Marking its 200th anniversary this year, the calmly winding Union Canal provides a smooth route for narrowboats to navigate – but there have been choppy waters in its history. The canal opened in 1822 and was used to haul coal to Edinburgh along a 31-mile course that starts in Falkirk. For 20 years, it enjoyed a boom time, then disaster struck: the coming of the railway. The opening of the Edinburgh and Glasgow line in 1842 cast doubt on the need for the Union Canal and eventually, after staggering along with limited services for years, commercial operations ceased in 1933.

Locks were filled in and the canal was silted up. Then a miracle happened: £32 million from the National Lottery-funded Millennium Commission plus further fundraising resulted in the clearing of the waters and the creation of an extraordinary mechanical link, known as the Falkirk Wheel, to replace a series of steep locks.

The Union Canal was back in business. But instead of coal, the cargo these days is tourists. You learn all this and more at the waterside Canal Museum at Linlithgow, on the route to Edinburgh.

An eight-minute walk away is Linlithgow Palace, created by James I in 1424 as a ‘pleasure palace’ – rather than a castle with fortifications – to impress his nobles and assert his authority. It is halfway between Edinburgh and Stirling and sits beside a picturesque loch.

His scheme worked, with future kings also enjoying its effect: James IV welcomed the Spanish ambassador there, while James V built a grand gateway in order to make the entrance to the royal court even more impressive.

This was where the kings and queens of Scotland in the 15th and 16th centuries came to play. Mary, Queen of Scots was born at the palace in 1542, and there’s a statue of her at the front.

Sadly, in the 17th century the palace was more or less abandoned and it is now a shell of its former self.

To reach its fenced-off remains you walk down a hill from the canal and through the heart of Linlithgow – a square known as The Cross.

This meeting place has seen markets, public proclamations and executions over the years. On one side was once the Golden Cross Tavern, where the poet Robert Burns attended a meeting of the local Masonic Lodge in 1787.

All that remains of this today is a carved stone pediment fixed to a modern building. But there are plenty of other inns – the Four Marys serves decent ales and hearty haggis-and-potato pies. It’s named after four ladies-in-waiting to Mary, Queen of Scots and the building dates back to the 1500s.
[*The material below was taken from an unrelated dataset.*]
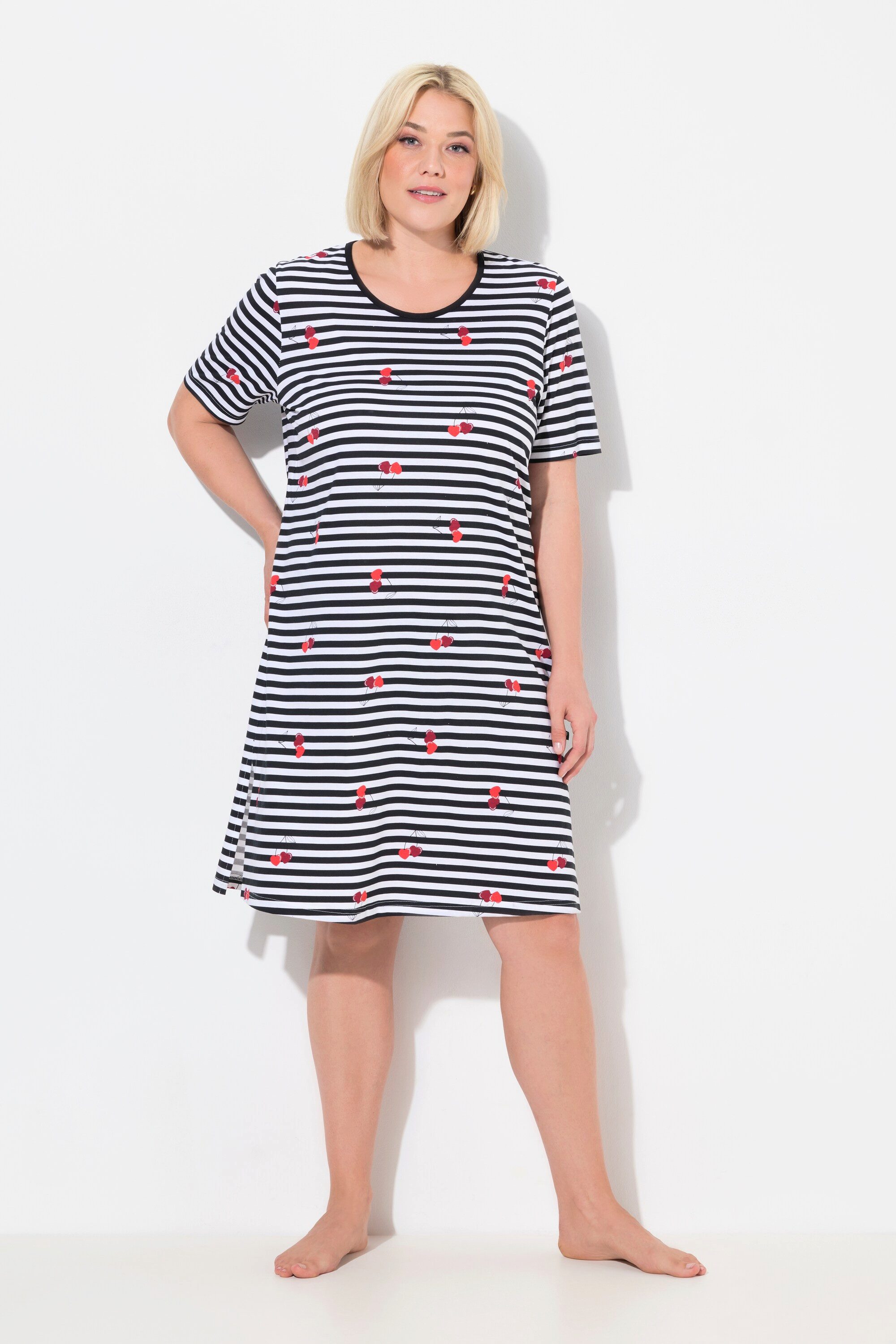 Bigshirt Bigshirt Herzen Rundhals / Tunika-Ausschnitt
Pubs tend to be a big feature of journeys along the Union Canal, as narrowboat holidaymakers will confirm. We certainly found this to be true when we took to the water on our boat the Madeleine, a feisty 62 ft vessel from the well-run Black Prince rental firm.

There is no shortage of fine hostelries here. The boisterous and welcoming MBK Canalside inn on Redding Road tells on one of its walls the story of a tragedy in 1923 at the nearby Redding Colliery, where 40 men died when the mine flooded from old workings.
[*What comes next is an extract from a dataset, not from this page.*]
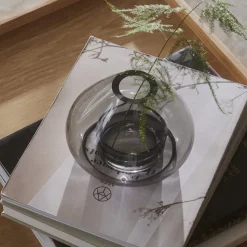 AYTM Lantaarn Uno, vaas, rookgrijs, Ø 14 cm, hoogte 11 cm, glas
Meanwhile, the Tally Ho at Winchburgh serves excellent fish and chips, and The Bridge Inn at Ratho has great canalside views.

Part of the joy of the Union Canal is the almost complete absence of locks, other than a couple near Falkirk. So it’s a great choice for narrowboat novices (as we were).

There is also a pleasurable learning curve in steering with the tiller, mooring, clearing the ‘weed hatch’ each morning and checking that the metal vice above the hatch was tightly secured.

‘Without that, you could sink the boat,’ said the cheerful Scottish Canals employee before we set off. ‘That would not be an ideal situation.’

But what really makes the Union Canal is the arrival into Edinburgh.

Would the canal founders from 1822 believe their eyes if they saw the waterway winding beneath bridges carrying dual carriageways, sliding between housing estates and finishing up beside the gleaming modern apartments by Leamington Lift Bridge, with Edinburgh Castle obscured up above on its hill? Hardly.